BEGIN Data for review

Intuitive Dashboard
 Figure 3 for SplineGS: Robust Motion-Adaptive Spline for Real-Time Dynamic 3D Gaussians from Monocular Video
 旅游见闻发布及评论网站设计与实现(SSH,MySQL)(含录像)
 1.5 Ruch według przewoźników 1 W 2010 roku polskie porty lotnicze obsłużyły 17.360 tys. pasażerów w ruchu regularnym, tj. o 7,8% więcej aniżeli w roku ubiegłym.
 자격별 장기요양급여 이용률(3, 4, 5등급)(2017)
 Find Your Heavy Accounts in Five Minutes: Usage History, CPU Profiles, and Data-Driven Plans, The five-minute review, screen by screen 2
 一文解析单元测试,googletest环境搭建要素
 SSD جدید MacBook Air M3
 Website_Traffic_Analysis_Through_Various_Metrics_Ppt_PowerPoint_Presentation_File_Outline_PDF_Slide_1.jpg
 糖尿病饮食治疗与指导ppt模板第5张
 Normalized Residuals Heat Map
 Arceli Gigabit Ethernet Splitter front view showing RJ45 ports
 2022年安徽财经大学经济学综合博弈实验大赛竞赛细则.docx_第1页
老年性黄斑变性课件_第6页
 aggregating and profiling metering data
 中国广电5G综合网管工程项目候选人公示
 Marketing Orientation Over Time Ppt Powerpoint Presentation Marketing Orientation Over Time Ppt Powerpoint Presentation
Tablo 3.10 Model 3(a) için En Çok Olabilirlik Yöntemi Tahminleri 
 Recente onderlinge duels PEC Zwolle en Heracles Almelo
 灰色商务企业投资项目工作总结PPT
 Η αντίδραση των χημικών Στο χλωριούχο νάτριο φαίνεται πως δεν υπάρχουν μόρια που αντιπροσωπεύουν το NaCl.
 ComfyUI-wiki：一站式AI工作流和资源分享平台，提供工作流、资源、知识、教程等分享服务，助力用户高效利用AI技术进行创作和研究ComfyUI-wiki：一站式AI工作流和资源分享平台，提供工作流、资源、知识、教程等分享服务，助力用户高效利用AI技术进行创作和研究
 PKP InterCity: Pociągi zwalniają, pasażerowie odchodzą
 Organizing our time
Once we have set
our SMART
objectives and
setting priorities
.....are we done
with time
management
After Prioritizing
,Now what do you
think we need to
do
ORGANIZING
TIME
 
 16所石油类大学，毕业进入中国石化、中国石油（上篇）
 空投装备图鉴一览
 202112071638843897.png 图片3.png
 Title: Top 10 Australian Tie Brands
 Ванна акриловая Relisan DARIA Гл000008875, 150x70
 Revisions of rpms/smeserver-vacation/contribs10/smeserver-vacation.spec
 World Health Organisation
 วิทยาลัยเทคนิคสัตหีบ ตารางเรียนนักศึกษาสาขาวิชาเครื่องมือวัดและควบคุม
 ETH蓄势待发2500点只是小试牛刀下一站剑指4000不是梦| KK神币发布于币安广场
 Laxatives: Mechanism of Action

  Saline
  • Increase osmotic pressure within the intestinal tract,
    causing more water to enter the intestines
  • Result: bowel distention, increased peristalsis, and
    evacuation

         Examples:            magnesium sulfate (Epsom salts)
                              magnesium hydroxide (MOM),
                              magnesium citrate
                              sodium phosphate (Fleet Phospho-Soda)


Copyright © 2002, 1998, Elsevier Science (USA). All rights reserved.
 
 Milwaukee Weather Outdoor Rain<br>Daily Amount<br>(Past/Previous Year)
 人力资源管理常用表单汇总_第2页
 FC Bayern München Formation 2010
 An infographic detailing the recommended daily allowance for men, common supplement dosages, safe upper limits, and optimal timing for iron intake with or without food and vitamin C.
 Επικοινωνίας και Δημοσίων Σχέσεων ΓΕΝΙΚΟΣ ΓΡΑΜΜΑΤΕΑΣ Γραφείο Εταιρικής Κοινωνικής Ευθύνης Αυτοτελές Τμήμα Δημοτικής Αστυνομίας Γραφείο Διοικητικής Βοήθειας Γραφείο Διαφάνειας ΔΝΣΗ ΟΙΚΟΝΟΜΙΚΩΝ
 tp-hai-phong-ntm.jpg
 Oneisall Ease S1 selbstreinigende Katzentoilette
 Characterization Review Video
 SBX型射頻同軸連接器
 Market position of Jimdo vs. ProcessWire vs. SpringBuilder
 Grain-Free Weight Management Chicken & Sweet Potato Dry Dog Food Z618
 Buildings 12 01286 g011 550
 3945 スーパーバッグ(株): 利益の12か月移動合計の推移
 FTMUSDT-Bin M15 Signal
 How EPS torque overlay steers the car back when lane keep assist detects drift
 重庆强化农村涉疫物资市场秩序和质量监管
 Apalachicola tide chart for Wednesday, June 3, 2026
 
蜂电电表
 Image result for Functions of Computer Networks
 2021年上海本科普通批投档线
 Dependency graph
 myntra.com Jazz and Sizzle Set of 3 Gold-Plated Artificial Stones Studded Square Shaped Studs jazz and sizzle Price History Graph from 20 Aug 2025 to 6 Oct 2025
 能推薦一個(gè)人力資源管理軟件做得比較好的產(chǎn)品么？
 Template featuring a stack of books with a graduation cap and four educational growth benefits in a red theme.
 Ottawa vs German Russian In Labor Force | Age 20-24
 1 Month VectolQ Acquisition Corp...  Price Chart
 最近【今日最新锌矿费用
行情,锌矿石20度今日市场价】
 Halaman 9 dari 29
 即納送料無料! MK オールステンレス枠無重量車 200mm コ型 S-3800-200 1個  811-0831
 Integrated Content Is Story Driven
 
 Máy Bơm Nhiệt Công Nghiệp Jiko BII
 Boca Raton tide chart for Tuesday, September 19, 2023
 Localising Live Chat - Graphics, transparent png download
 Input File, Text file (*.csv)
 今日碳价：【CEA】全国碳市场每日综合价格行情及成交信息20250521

END Data for review

**Your assignment**
A word-for-word repetition of the listing above is required.

**Solved exercise**
Intuitive Dashboard
 Figure 3 for SplineGS: Robust Motion-Adaptive Spline for Real-Time Dynamic 3D Gaussians from Monocular Video
 旅游见闻发布及评论网站设计与实现(SSH,MySQL)(含录像)
 1.5 Ruch według przewoźników 1 W 2010 roku polskie porty lotnicze obsłużyły 17.360 tys. pasażerów w ruchu regularnym, tj. o 7,8% więcej aniżeli w roku ubiegłym.
 자격별 장기요양급여 이용률(3, 4, 5등급)(2017)
 Find Your Heavy Accounts in Five Minutes: Usage History, CPU Profiles, and Data-Driven Plans, The five-minute review, screen by screen 2
 一文解析单元测试,googletest环境搭建要素
 SSD جدید MacBook Air M3
 Website_Traffic_Analysis_Through_Various_Metrics_Ppt_PowerPoint_Presentation_File_Outline_PDF_Slide_1.jpg
 糖尿病饮食治疗与指导ppt模板第5张
 Normalized Residuals Heat Map
 Arceli Gigabit Ethernet Splitter front view showing RJ45 ports
 2022年安徽财经大学经济学综合博弈实验大赛竞赛细则.docx_第1页
老年性黄斑变性课件_第6页
 aggregating and profiling metering data
 中国广电5G综合网管工程项目候选人公示
 Marketing Orientation Over Time Ppt Powerpoint Presentation Marketing Orientation Over Time Ppt Powerpoint Presentation
Tablo 3.10 Model 3(a) için En Çok Olabilirlik Yöntemi Tahminleri 
 Recente onderlinge duels PEC Zwolle en Heracles Almelo
 灰色商务企业投资项目工作总结PPT
 Η αντίδραση των χημικών Στο χλωριούχο νάτριο φαίνεται πως δεν υπάρχουν μόρια που αντιπροσωπεύουν το NaCl.
 ComfyUI-wiki：一站式AI工作流和资源分享平台，提供工作流、资源、知识、教程等分享服务，助力用户高效利用AI技术进行创作和研究ComfyUI-wiki：一站式AI工作流和资源分享平台，提供工作流、资源、知识、教程等分享服务，助力用户高效利用AI技术进行创作和研究
 PKP InterCity: Pociągi zwalniają, pasażerowie odchodzą
 Organizing our time
Once we have set
our SMART
objectives and
setting priorities
.....are we done
with time
management
After Prioritizing
,Now what do you
think we need to
do
ORGANIZING
TIME
 
 16所石油类大学，毕业进入中国石化、中国石油（上篇）
 空投装备图鉴一览
 202112071638843897.png 图片3.png
 Title: Top 10 Australian Tie Brands
 Ванна акриловая Relisan DARIA Гл000008875, 150x70
 Revisions of rpms/smeserver-vacation/contribs10/smeserver-vacation.spec
 World Health Organisation
 วิทยาลัยเทคนิคสัตหีบ ตารางเรียนนักศึกษาสาขาวิชาเครื่องมือวัดและควบคุม
 ETH蓄势待发2500点只是小试牛刀下一站剑指4000不是梦| KK神币发布于币安广场
 Laxatives: Mechanism of Action

  Saline
  • Increase osmotic pressure within the intestinal tract,
    causing more water to enter the intestines
  • Result: bowel distention, increased peristalsis, and
    evacuation

         Examples:            magnesium sulfate (Epsom salts)
                              magnesium hydroxide (MOM),
                              magnesium citrate
                              sodium phosphate (Fleet Phospho-Soda)


Copyright © 2002, 1998, Elsevier Science (USA). All rights reserved.
 
 Milwaukee Weather Outdoor Rain<br>Daily Amount<br>(Past/Previous Year)
 人力资源管理常用表单汇总_第2页
 FC Bayern München Formation 2010
 An infographic detailing the recommended daily allowance for men, common supplement dosages, safe upper limits, and optimal timing for iron intake with or without food and vitamin C.
 Επικοινωνίας και Δημοσίων Σχέσεων ΓΕΝΙΚΟΣ ΓΡΑΜΜΑΤΕΑΣ Γραφείο Εταιρικής Κοινωνικής Ευθύνης Αυτοτελές Τμήμα Δημοτικής Αστυνομίας Γραφείο Διοικητικής Βοήθειας Γραφείο Διαφάνειας ΔΝΣΗ ΟΙΚΟΝΟΜΙΚΩΝ
 tp-hai-phong-ntm.jpg
 Oneisall Ease S1 selbstreinigende Katzentoilette
 Characterization Review Video
 SBX型射頻同軸連接器
 Market position of Jimdo vs. ProcessWire vs. SpringBuilder
 Grain-Free Weight Management Chicken & Sweet Potato Dry Dog Food Z618
 Buildings 12 01286 g011 550
 3945 スーパーバッグ(株): 利益の12か月移動合計の推移
 FTMUSDT-Bin M15 Signal
 How EPS torque overlay steers the car back when lane keep assist detects drift
 重庆强化农村涉疫物资市场秩序和质量监管
 Apalachicola tide chart for Wednesday, June 3, 2026
 
蜂电电表
 Image result for Functions of Computer Networks
 2021年上海本科普通批投档线
 Dependency graph
 myntra.com Jazz and Sizzle Set of 3 Gold-Plated Artificial Stones Studded Square Shaped Studs jazz and sizzle Price History Graph from 20 Aug 2025 to 6 Oct 2025
 能推薦一個(gè)人力資源管理軟件做得比較好的產(chǎn)品么？
 Template featuring a stack of books with a graduation cap and four educational growth benefits in a red theme.
 Ottawa vs German Russian In Labor Force | Age 20-24
 1 Month VectolQ Acquisition Corp...  Price Chart
 最近【今日最新锌矿费用
行情,锌矿石20度今日市场价】
 Halaman 9 dari 29
 即納送料無料! MK オールステンレス枠無重量車 200mm コ型 S-3800-200 1個  811-0831
 Integrated Content Is Story Driven
 
 Máy Bơm Nhiệt Công Nghiệp Jiko BII
 Boca Raton tide chart for Tuesday, September 19, 2023
 Localising Live Chat - Graphics, transparent png download
 Input File, Text file (*.csv)
 今日碳价：【CEA】全国碳市场每日综合价格行情及成交信息20250521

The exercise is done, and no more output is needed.